-- Exercise --
Copy exactly the lines of the records below, starting at the line that contains "2147 S Oakland Street - Photo 2" and continuing through the last line, both included; omit any pictures.

[Start of Attachment]

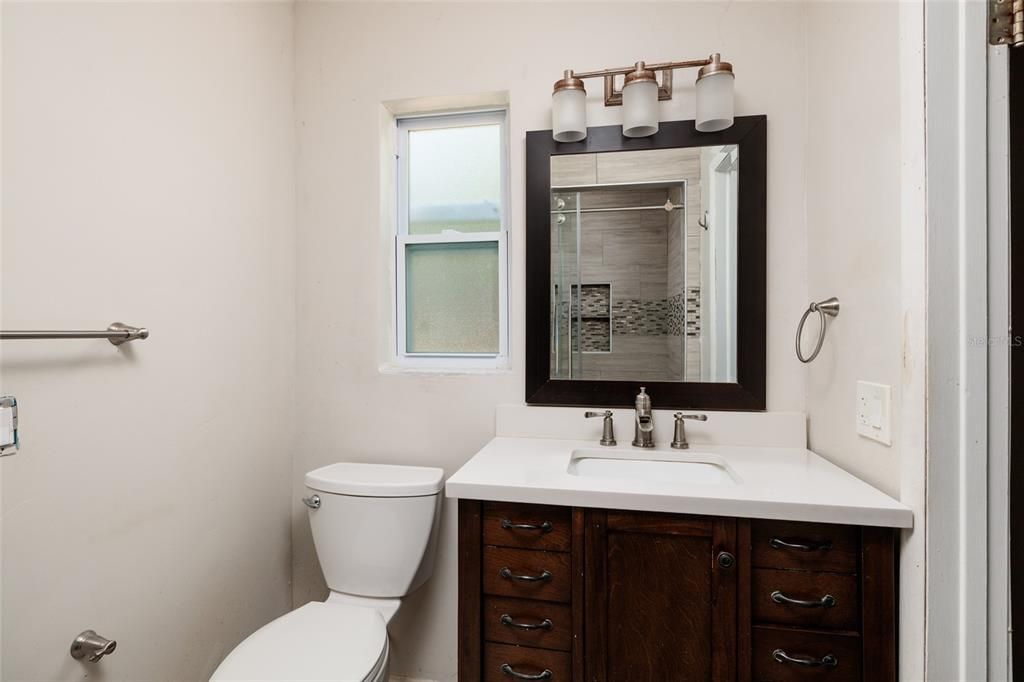 待售: $399,900 (3 贝兹, 2 浴室, 1678 平方英尺)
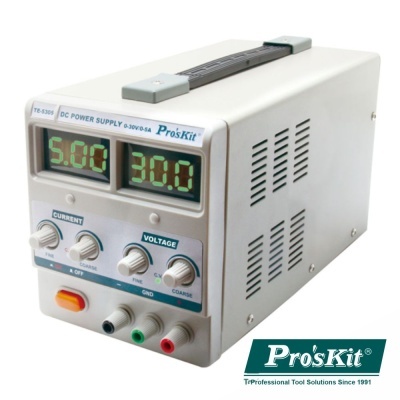 Fonte de alimentação DC Pro'sKit TE-8305 com medidores digitais e botões de controle.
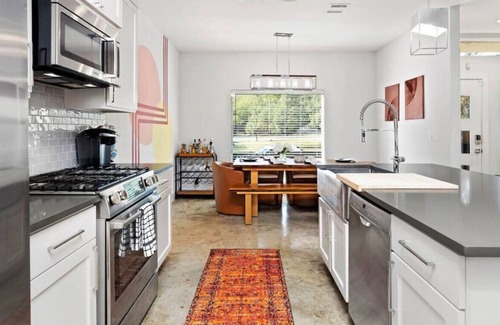 Rosewood House | Modern Stylish Home - Near E. 6th St & Downtown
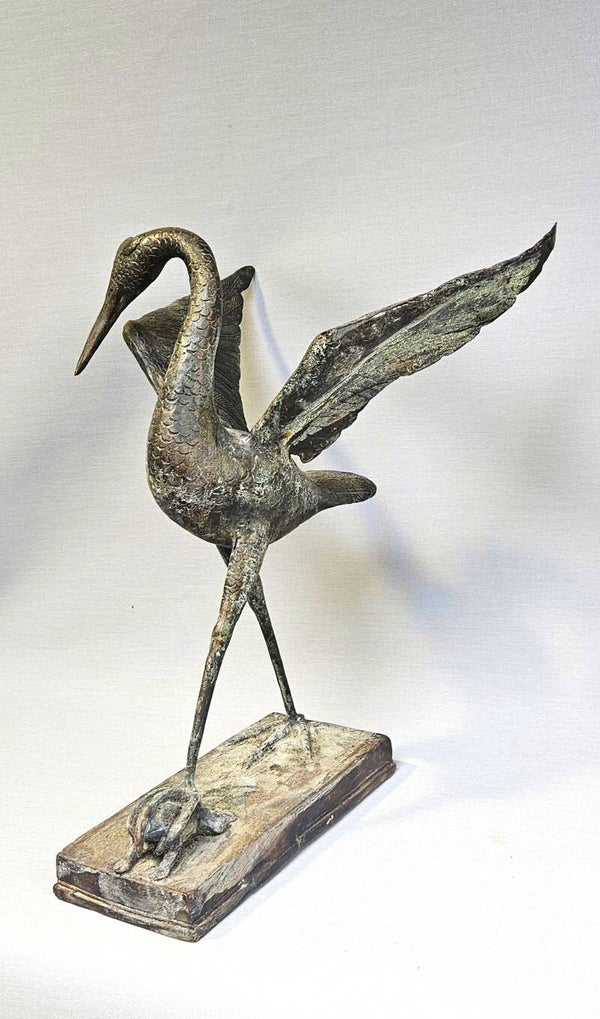 Karaktervol Bronzen Beeld – Reiger met prooi (Kikker)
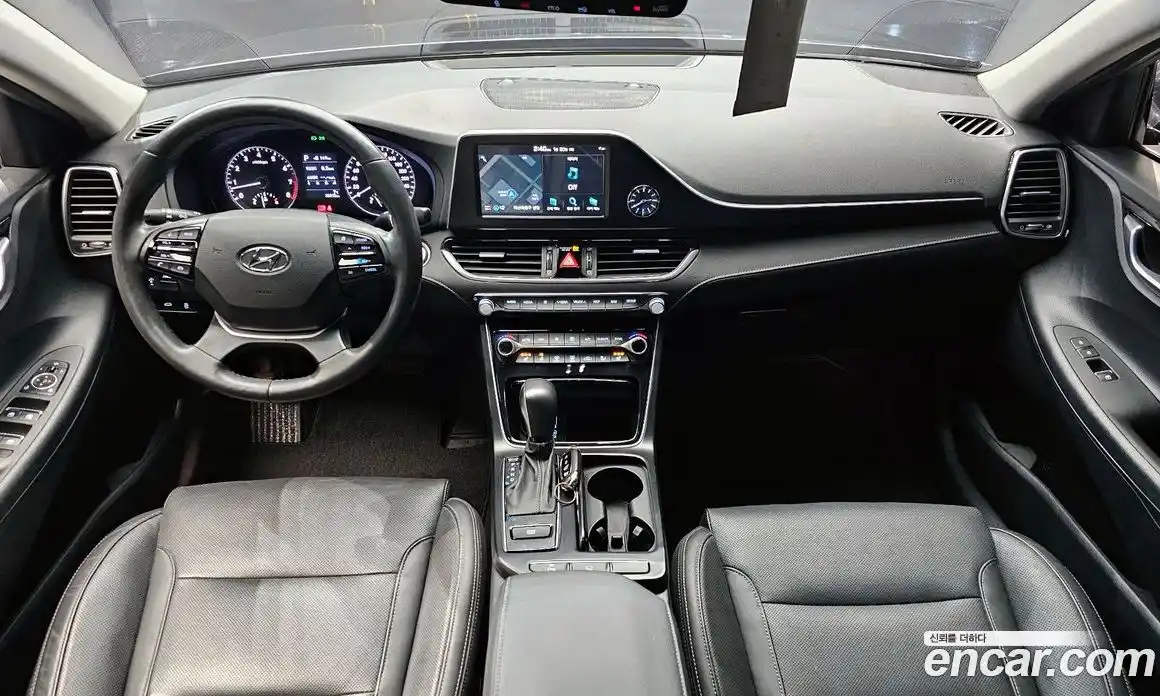 Hyundai Grandeur 2019 2.4 Автомат в Москве № 123346, фото 1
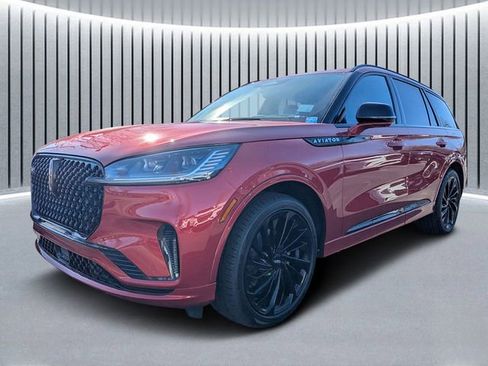 New 2026 Lincoln Aviator Reserve w/ Jet Appearance Package image 7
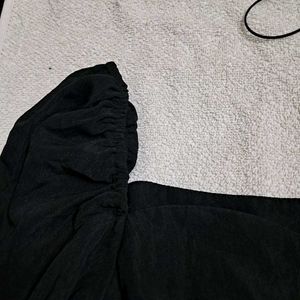 Edgy Black Square Neck Puff Sleeve Crop Top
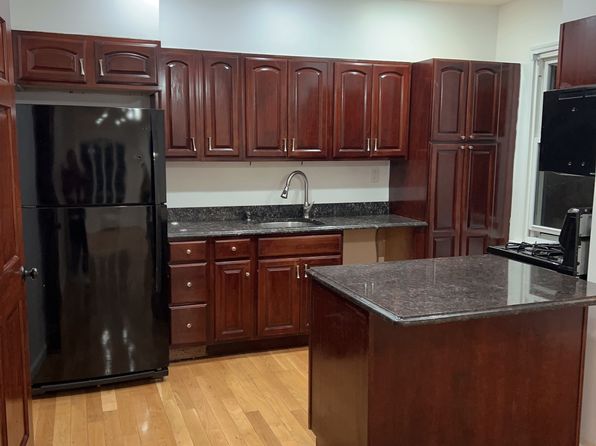 5928 69th Pl Floor 2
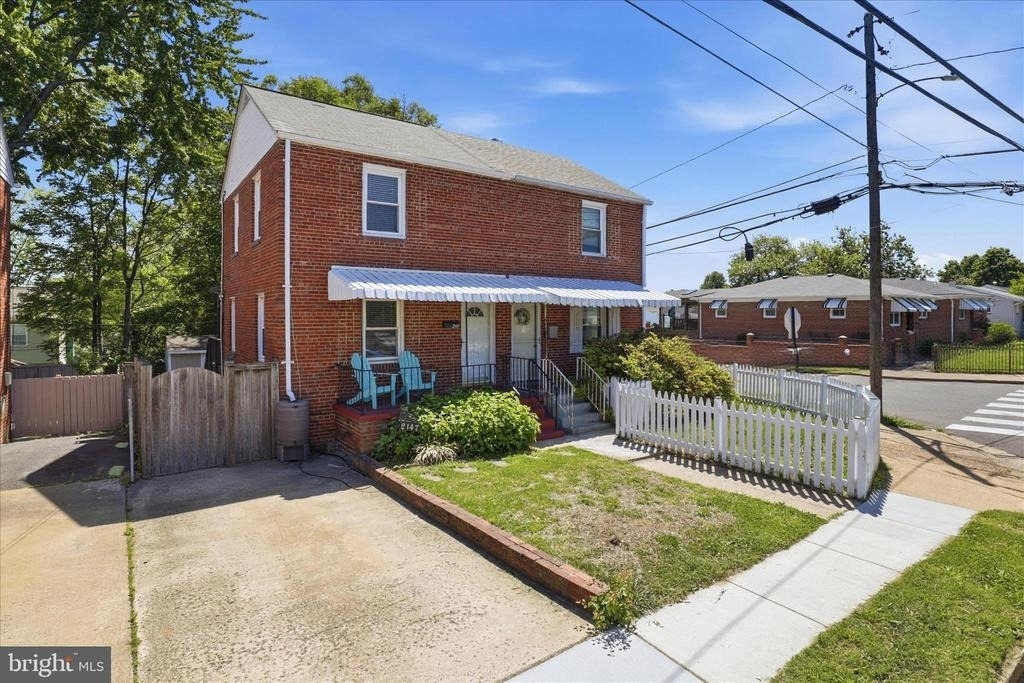 2147 S Oakland Street - Photo 2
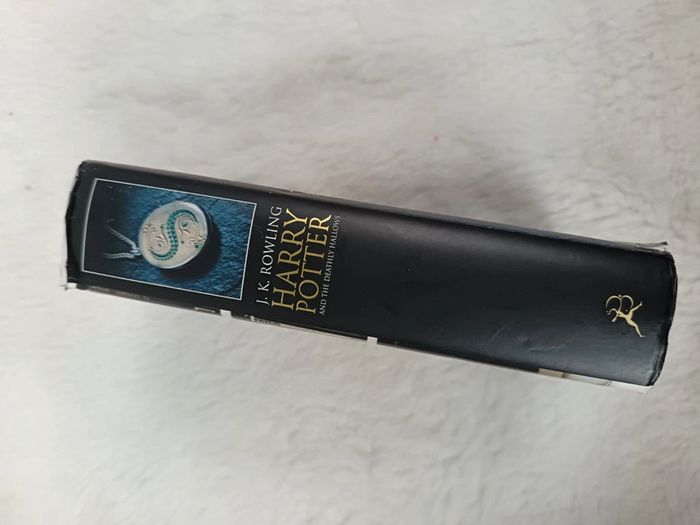 Livre Harry Potter and the deathly hallows - photo numéro 3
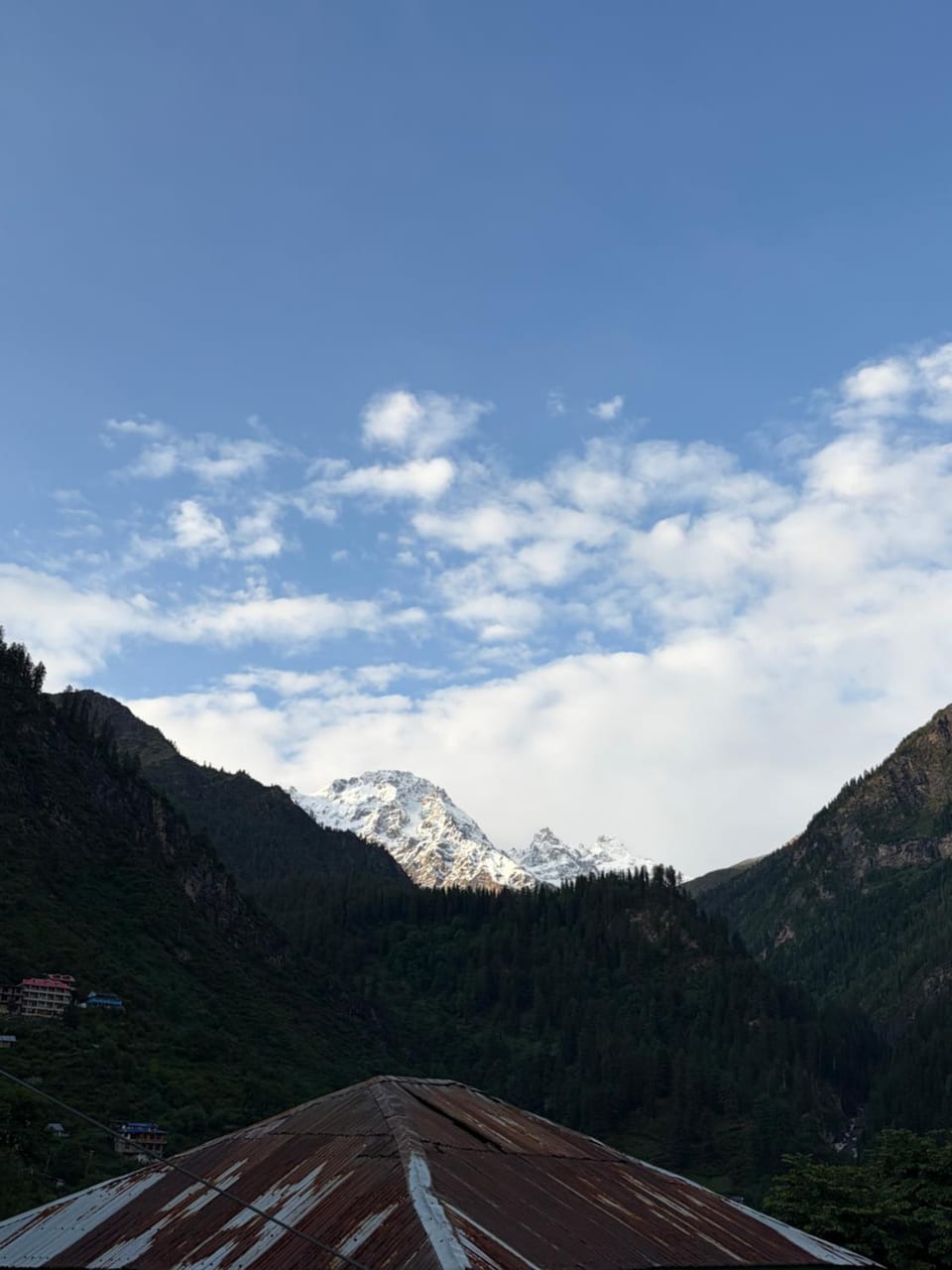 Sunset Inn tosh Hotel in Himachal Pradesh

[End of Attachment]

-- Written response --
 2147 S Oakland Street - Photo 2
 Livre Harry Potter and the deathly hallows - photo numéro 3
 Sunset Inn tosh Hotel in Himachal Pradesh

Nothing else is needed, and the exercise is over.